NRA Show 2016: Highlights you may have missed

nra show 2016 world culinary showcase

Attendance at this year’s NRA Show in Chicago substantially surpassed 2015 numbers, with a 7 percent increase in the number of exhibitors as well (2,200). “This year’s Show was high energy and included many changes to make attendees’ experience more personable and relatable,” says Mary Pat Heftman, NRA executive vice president for convention & strategic alliances. “It’s important that attendees are given examples and information that will directly impact their business to make improvements.”

Attendees packed the Grand Ballroom for the new Signature ’16 session on Sunday and for the Show’s first-ever crowdsourced session, Reality Gets Real, on Monday. These unique events, which crossed over from a straight-on lecture to panel discussion and included Q and As with the audience, emphasized the Show’s liveliness and relevance. “The two events, as well as many of the many of the educational sessions, provided a much greater value to attendees,” said Phil Kafarakis, NRA’s chief innovation and member advancement officer.

Through sessions such as these, the NRA was able to create memorable events that attendees can’t find anywhere else. The energy and connectivity of the featured speakers and the way they presented themselves, beyond their external social media personalities, resonated with the audience. “I found the back-and-forth panel discussions to be down-to-earth, with in-the-trenches examples,” said one attendee of the Reality Gets Real session. “I was able to make a personal connection, because I go through the same problems they described.”

Additionally, the NRA Show is a platform not just to pack a room, but also to bring the industry together to share information and exchange dialogue on issues that everyone might not agree on. “We can agree to disagree,” said Kafarakis, “but when you walk out of the Show, you’ll have a new perspective on how to conduct your business and make a positive impact.”

This year’s Show also introduced attendees to the Bellavita Italian Expo, which opened to rave reviews.

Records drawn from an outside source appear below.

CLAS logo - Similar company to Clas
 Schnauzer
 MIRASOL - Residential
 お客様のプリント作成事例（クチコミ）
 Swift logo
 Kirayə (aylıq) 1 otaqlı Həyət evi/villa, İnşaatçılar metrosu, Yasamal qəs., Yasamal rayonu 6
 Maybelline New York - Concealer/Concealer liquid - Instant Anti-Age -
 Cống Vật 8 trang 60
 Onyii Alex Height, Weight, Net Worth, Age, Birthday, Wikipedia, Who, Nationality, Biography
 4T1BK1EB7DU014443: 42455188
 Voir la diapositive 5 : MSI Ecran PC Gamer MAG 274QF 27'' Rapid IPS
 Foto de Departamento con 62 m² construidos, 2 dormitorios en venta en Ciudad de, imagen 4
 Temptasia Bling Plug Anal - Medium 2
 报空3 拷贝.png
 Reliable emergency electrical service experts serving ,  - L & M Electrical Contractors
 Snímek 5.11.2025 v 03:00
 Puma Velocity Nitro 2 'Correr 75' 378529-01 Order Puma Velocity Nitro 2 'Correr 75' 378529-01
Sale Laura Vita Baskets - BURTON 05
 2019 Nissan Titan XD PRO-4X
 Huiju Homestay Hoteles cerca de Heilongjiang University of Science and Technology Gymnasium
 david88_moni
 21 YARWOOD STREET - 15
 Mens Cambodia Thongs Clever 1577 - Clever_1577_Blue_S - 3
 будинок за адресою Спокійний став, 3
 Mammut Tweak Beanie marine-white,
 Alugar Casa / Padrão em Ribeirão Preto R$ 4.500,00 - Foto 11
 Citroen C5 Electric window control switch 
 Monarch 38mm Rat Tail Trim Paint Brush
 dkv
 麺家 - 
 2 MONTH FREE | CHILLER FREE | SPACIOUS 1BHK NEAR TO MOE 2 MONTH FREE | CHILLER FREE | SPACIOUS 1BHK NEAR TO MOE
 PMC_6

Attendees got close to never-before seen Italian flavors, foods, wines and cheeses and witnessed amazing demonstrations. “We will to continue to expand this Pavilion as we continue to grow our relationship with them,” Heftman said. “Bellavita is a big part of the Show’s future.”

Other trends highlighted on the Show floor included the continuation of different culinary profiles coming together, such as chili-infused honey, flavor-infused ice, flavor-infused cocktail enhancers, such as bitters, and other key ingredients. “Culinary infusion is not really new, but it continues to expand and push the culinary envelope,” said Heftman.

On the tech side, robotics made an entrance at the Show and demonstrated to attendees how they could boost efficiency, reduce waste and be consistent in food preparation.

And next year’s Show promises to be bigger and better and will be enhanced based on this year’s Show’s platform and feedback from attendees. “New content has to be responsive to where the industry is in six months from now to give us a look at where the industry will be six months from there,” said Heftman. “Attendees of next year’s Show can expect to see even more thought leaders from different aspects of the industry talking about different experiences that will very personable and relatable for all attendees to understand.”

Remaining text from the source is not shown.